#### EXERCISE DESCRIPTION:
Exactly reproduce the lines from the line containing "пунин валит из" to the end of the data below, inclusive, and nothing else.

#### EXTRACTED RECORDS:
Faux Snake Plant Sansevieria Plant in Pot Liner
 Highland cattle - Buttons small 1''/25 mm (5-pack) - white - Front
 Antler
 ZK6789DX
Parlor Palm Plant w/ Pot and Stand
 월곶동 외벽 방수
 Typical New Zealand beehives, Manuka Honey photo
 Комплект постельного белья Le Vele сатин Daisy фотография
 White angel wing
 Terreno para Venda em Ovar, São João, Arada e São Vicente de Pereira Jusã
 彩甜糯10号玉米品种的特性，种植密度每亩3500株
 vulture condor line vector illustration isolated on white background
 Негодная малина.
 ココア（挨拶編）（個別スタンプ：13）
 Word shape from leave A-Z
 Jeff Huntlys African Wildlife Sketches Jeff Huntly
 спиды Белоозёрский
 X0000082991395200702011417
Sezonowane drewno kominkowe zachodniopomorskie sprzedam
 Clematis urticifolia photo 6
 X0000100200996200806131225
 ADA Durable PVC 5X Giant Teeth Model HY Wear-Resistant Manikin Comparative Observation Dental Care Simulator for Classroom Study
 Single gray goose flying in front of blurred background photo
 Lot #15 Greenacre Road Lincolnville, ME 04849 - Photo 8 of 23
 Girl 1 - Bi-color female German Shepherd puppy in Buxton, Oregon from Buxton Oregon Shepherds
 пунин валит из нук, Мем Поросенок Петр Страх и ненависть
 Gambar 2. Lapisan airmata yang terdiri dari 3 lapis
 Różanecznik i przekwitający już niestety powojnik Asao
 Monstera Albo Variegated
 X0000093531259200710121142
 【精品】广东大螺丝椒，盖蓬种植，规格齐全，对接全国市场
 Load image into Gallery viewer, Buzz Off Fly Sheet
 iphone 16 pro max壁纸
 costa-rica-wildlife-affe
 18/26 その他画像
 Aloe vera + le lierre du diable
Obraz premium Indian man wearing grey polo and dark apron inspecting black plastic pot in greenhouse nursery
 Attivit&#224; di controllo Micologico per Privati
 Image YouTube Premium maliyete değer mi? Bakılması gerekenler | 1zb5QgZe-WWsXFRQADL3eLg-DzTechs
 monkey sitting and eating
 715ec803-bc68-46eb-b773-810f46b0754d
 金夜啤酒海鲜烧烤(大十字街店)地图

#### RESULT FOR THIS EXERCISE:
 пунин валит из нук, Мем Поросенок Петр Страх и ненависть
 Gambar 2. Lapisan airmata yang terdiri dari 3 lapis
 Różanecznik i przekwitający już niestety powojnik Asao
 Monstera Albo Variegated
 X0000093531259200710121142
 【精品】广东大螺丝椒，盖蓬种植，规格齐全，对接全国市场
 Load image into Gallery viewer, Buzz Off Fly Sheet
 iphone 16 pro max壁纸
 costa-rica-wildlife-affe
 18/26 その他画像
 Aloe vera + le lierre du diable
Obraz premium Indian man wearing grey polo and dark apron inspecting black plastic pot in greenhouse nursery
 Attivit&#224; di controllo Micologico per Privati
 Image YouTube Premium maliyete değer mi? Bakılması gerekenler | 1zb5QgZe-WWsXFRQADL3eLg-DzTechs
 monkey sitting and eating
 715ec803-bc68-46eb-b773-810f46b0754d
 金夜啤酒海鲜烧烤(大十字街店)地图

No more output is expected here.